Fischer helped Clifton refocus on a book for young adults called “Ambora.”
“It just breathed back life into the writing,” Clifton says. “I couldn’t turn it off now if my life depended on it.”
Excerpt from RB 1
Liz stood on her toes, peering through the screen door for a glimpse of Cory’s car across the farm fields. Last week’s rain had caused the corn to jump. In another week it would be too tall to see over, but just now she could still catch the burst of sunlight that glinted off his windshield.
She wanted more than anything to slip out back to the shower. She needed to soap away the sweat and smell of fish. Her cut offs were dotted with stains and her tank top felt glued to the space between her shoulder blades.
The box fan leaning in the window whirred on high, moving the air but cooling nothing.
It was mid June, just two weeks after her high school graduation, and already it had been busy. Tourists and fishermen had streamed in all day. Liz was more than ready to be done working.
The store sat to itself on the only road to Cedar Beach, a tiny bay-side summer town that every year drew fishermen and a handful of out-of-town families to rent the simple cottages and spend the season on the strip of land between salt marsh and the Delaware Bay. Adam’s Bait and Tackle was a low, wooden building that had weathered decades tucked under old pine trees at the edge of the marsh. It sold fishing gear and basic necessities– snacks, sodas, milk, bread–that saved everyone a twenty minute trip into town. Scales sat outside for weighing big catches and the wall next to the door was covered with photos showing people with trout, flounder, sharks and more. A Polaroid camera was kept behind the counter for capturing the moment.
The sun was a red giant as it began to set across the cornfield, haze giving the woodline a soft focus. It would be hot again tomorrow.
Liz turned just as Cory’s Firebird pulled in out front, tires crunching the clam shells covering the now empty parking lot.
Clifton also is working on a novel called “Red Balloon,” a coming-of-age story set in the 1980s.
“The book I thought that I was writing is not the book I wrote,” she says. “The book that I set out to write was far more fluff, to be honest. I tried not to go down the literary path, but the more I thought about these characters and they came to life, the more well-rounded they were and the less I could blow them off with a fluff plot.
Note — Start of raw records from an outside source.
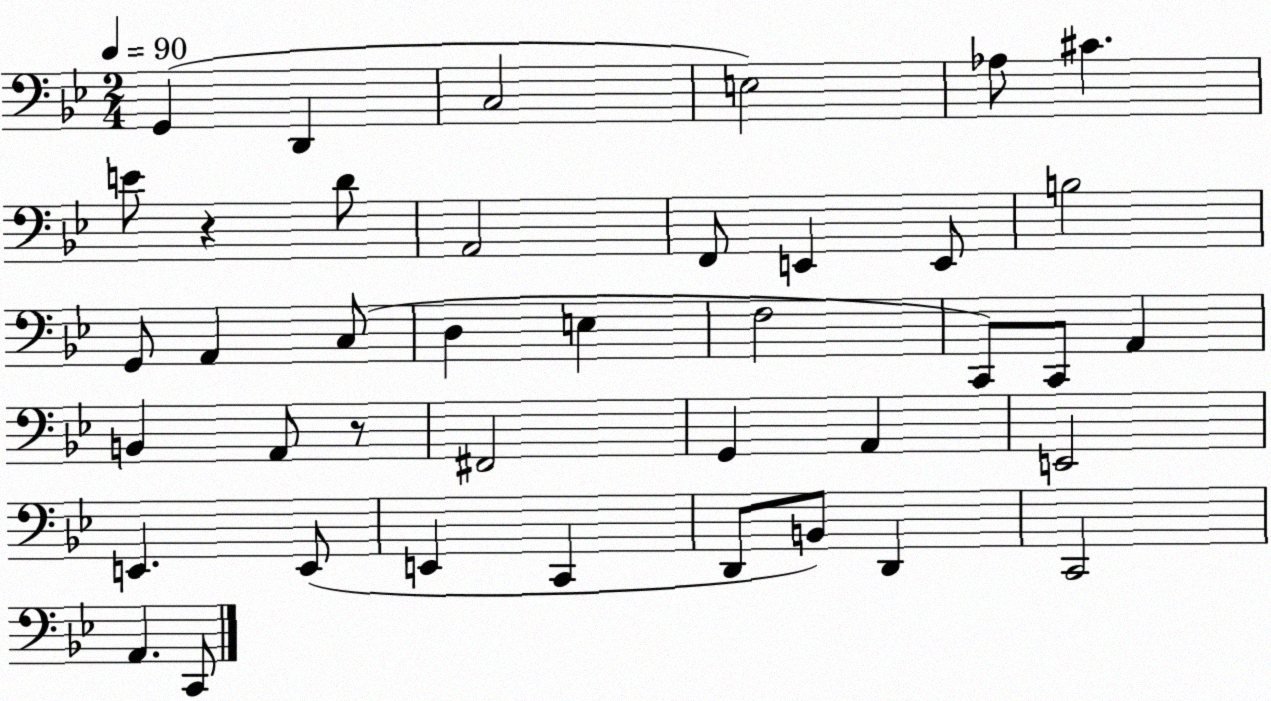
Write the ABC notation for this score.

X:1
T:Untitled
M:2/4
L:1/4
K:Bb
G,, D,, C,2 E,2 _A,/2 ^C E/2 z D/2 A,,2 F,,/2 E,, E,,/2 B,2 G,,/2 A,, C,/2 D, E, F,2 C,,/2 C,,/2 A,, B,, A,,/2 z/2 ^F,,2 G,, A,, E,,2 E,, E,,/2 E,, C,, D,,/2 B,,/2 D,, C,,2 A,, C,,/2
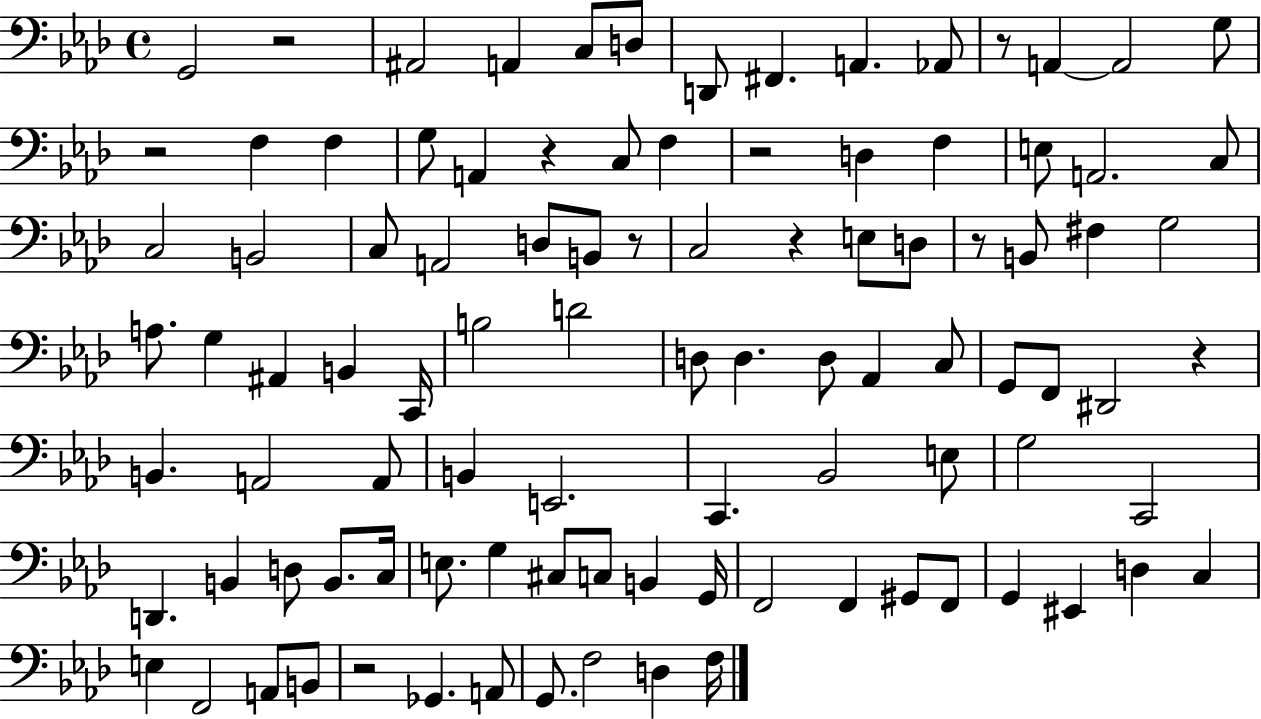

So, it intensified on me, and I didn’t expect that.”
That’s one reason Clifton, a Delaware native who lives in Milford on 120 acres near Prime Hook Wildlife Refuge, finds writing fiction more intimidating than writing nonfiction.
“With fiction, you’re really laying yourself out there,” she says. “It’s your creation. It’s your thoughts. It’s your subconscious. Especially if you have to write something difficult, if you have to write something that’s more violent or more sexual, I think you have to fight down that internal voice that says, ‘You shouldn’t do this,’ or, ‘You shouldn’t go there.’
“I wrote about the war. Once you have that truth out there, no matter how horrible it is, you can go ahead and write it. But in fiction, you’re trying to get people to suspend disbelief, and you’re trying to get them to forget about you as the author. It’s a purely creative work. It’s not simply me framing something that actually happened well; it’s building it from the ground up.”
And so Clifton, speaking about characters she created and has crafted for more than a year, feels a responsibility.
“As schizophrenic as it sounds,” she says, “you actually begin to feel a responsibility to these characters, to try to get them right, which is not something I saw coming.”
At their Milford home, she and her husband, the wildlife artist Richard Clifton, have coffee together every afternoon at 3. She might talk through a plot, and he might discuss a painting idea. She calls him her “live-in artistic life coach,” and theirs is a creative family – Richard also plays music, as does their 23-year-old son Ryan, a computer programmer and graphic artist.
She calls it “cross-training your brain,” an approach that likely will infuse Clifton’s public performance associated with the award – she says she hopes to incorporate live music with a live reading in September or October.